By Paul Dini (Writer), Guillem March (Art), and Jose Villarrubia (Colors)

Some Thoughts Before The Review: I thought the last issue of Gotham City Sirens was the best one so far. That’s not necessarily a good thing, however, because Paul Dini didn’t write the book and the main characters were limited to about two pages. What’s that say about the strength of the concept?

The Story: Harley Quinn’s not in the best of positions. She’s unknowingly in the clutches of Hush and also a target of the Joker. Lucky for Harley though, she’s got some backup. She’s just not aware of it yet…

What’s Good And What’s Not So Good: I know I say this in some way for every Gotham City Sirens review, but it is one seriously nice-looking series. From the dynamic scene composition (Joker’s splash page and Ivy’s plant communication scene comes to mind) and storytelling to the character work and action, Guillem March continues to impress. And thanks to Jose Villarrubia’s flawless color work, every panel looks vibrant and feels very alive.

Both March and Villarrubia do wonders for what is, in all honesty, a pretty bland script. While Paul Dini definitely gets across the characters and tells a story that’s decent enough, it all feels somewhat uninspired. That said, I do really enjoy the part where Joker and his thugs play in Gotham City Sirens #4. The thugs because of their fairly smart conversation, and Joker because of his body language (credit to Guillem March for that one) and the way he goes to some interesting lengths to bring down Harley Quinn.

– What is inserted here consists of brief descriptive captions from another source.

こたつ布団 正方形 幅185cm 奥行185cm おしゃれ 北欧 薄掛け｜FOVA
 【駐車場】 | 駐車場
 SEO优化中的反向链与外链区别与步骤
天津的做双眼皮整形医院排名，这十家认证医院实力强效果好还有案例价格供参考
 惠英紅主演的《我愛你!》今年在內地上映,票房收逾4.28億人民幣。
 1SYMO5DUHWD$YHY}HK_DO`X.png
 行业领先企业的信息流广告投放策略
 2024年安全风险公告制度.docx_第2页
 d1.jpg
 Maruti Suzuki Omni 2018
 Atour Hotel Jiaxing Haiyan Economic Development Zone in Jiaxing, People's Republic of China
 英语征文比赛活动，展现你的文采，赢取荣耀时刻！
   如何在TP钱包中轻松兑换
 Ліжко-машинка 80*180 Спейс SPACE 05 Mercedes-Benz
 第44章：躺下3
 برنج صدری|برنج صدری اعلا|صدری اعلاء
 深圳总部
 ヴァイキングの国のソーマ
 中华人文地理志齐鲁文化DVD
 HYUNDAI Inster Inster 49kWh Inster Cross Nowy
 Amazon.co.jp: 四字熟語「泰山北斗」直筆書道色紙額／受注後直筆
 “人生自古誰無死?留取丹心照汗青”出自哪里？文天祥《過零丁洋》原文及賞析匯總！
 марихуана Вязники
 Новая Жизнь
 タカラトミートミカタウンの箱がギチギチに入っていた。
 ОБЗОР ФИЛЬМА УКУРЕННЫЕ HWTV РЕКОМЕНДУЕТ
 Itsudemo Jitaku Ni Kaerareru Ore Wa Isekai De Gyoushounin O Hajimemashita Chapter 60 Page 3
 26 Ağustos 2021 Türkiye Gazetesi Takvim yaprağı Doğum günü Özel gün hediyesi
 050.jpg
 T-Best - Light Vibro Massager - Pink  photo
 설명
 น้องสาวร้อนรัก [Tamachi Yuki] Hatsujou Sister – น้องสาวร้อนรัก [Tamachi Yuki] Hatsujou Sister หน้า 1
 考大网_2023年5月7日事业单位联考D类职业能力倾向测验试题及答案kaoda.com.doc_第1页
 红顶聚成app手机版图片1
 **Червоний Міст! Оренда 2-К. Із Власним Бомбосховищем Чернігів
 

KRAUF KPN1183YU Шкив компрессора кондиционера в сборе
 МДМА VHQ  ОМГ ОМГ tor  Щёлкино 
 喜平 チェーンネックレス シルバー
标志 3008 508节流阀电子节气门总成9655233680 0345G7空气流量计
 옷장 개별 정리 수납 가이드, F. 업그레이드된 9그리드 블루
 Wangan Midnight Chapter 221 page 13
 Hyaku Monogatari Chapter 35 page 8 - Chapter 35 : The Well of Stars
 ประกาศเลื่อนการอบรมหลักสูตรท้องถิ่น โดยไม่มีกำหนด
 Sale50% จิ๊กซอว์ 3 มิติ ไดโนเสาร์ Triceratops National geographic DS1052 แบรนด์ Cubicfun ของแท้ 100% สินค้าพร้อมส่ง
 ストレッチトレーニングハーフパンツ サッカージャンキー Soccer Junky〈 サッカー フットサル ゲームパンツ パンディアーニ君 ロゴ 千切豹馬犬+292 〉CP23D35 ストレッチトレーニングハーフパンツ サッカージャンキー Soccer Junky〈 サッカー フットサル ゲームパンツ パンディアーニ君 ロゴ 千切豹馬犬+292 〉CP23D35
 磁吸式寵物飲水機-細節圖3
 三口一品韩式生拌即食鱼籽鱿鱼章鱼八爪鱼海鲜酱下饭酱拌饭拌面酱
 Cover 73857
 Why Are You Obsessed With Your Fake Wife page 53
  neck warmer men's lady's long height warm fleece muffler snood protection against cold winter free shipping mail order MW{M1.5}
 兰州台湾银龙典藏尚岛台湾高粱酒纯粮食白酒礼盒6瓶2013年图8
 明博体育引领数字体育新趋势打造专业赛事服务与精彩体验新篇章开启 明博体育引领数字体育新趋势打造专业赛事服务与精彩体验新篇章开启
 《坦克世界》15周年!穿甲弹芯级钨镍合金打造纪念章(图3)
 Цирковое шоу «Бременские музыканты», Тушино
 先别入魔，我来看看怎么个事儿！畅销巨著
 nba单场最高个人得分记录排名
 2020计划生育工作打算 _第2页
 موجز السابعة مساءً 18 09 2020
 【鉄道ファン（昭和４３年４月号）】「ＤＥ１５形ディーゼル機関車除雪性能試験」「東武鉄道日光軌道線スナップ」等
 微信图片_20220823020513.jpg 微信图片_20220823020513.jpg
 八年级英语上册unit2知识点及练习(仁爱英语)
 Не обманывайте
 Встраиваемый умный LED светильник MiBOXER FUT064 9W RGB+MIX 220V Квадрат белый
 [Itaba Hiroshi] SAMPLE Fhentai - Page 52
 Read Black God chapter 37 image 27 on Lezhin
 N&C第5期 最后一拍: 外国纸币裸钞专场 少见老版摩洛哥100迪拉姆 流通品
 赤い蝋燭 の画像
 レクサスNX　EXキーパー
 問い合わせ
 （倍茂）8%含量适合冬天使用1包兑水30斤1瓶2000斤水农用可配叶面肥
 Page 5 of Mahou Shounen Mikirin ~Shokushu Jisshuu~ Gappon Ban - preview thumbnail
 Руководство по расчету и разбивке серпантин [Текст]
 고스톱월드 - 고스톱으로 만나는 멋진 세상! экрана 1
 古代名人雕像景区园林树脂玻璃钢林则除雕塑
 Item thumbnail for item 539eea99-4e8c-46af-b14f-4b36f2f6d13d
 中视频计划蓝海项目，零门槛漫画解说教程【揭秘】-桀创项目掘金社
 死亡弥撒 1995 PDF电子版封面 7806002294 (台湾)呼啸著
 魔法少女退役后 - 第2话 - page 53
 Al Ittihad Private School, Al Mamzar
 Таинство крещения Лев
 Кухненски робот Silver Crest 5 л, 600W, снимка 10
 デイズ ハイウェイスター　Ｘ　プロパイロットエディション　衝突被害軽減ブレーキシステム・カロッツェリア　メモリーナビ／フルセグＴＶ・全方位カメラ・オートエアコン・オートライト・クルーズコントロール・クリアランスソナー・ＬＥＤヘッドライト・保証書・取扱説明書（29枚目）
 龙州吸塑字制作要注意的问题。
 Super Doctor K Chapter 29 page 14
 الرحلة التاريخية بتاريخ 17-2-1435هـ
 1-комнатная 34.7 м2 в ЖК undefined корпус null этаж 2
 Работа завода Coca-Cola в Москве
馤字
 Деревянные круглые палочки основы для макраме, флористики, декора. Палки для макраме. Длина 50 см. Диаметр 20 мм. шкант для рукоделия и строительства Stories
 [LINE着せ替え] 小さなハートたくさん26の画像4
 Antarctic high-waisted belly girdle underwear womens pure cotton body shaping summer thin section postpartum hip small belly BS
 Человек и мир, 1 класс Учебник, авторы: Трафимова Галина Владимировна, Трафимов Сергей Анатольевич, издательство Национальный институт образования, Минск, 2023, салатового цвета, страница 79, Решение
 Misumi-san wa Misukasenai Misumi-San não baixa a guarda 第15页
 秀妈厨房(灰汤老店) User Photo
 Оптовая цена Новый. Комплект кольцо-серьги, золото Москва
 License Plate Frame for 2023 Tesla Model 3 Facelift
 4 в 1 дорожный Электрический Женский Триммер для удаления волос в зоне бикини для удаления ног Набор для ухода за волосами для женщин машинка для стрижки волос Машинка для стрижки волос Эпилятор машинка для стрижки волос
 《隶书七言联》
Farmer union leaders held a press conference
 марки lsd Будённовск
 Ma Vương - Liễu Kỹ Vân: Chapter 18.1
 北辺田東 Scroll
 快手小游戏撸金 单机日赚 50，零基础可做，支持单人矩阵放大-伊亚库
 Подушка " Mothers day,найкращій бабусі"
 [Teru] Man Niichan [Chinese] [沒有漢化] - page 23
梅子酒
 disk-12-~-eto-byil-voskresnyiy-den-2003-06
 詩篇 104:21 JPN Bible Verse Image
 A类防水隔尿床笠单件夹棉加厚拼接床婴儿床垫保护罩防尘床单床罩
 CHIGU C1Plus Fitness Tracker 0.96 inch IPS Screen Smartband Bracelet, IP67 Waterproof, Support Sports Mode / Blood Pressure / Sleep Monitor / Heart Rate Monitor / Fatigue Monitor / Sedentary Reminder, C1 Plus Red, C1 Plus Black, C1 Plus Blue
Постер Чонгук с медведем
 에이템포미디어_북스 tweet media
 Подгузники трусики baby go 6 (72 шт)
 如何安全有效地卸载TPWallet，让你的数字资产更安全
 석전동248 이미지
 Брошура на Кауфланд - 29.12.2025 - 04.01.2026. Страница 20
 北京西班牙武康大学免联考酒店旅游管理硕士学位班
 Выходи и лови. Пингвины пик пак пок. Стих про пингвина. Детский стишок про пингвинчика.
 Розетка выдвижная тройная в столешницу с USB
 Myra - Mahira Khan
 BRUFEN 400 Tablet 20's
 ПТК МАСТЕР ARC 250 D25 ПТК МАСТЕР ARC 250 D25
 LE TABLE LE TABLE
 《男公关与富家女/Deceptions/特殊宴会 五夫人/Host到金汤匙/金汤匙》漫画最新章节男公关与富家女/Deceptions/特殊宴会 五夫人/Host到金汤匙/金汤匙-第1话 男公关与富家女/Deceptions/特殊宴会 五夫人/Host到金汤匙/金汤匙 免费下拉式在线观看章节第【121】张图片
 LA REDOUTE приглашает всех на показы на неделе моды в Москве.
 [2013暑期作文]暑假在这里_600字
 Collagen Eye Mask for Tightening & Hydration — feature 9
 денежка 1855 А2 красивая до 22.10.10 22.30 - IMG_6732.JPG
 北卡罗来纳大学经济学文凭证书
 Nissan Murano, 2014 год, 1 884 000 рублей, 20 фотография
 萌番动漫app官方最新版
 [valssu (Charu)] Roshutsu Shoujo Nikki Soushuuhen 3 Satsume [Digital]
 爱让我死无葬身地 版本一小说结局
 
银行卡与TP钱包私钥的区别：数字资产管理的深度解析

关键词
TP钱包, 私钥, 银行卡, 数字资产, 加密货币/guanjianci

It’s tough to really come down too hard on Gotham City Sirens #4 because it’s, at worst, average. The book certainly gets the job done, yet at the same time it leaves something to be desired. My hope is that eventually, Dini creates some sort of compelling hook that makes Sirens a solid part of my pull list as opposed to a book that’s making the cut solely because of the artwork.

Conclusion: Gotham City Sirens #4 delivers a lot more of the same. That’s a good thing as far as the artwork is concerned. That’s a bad thing as far as the script is concerned.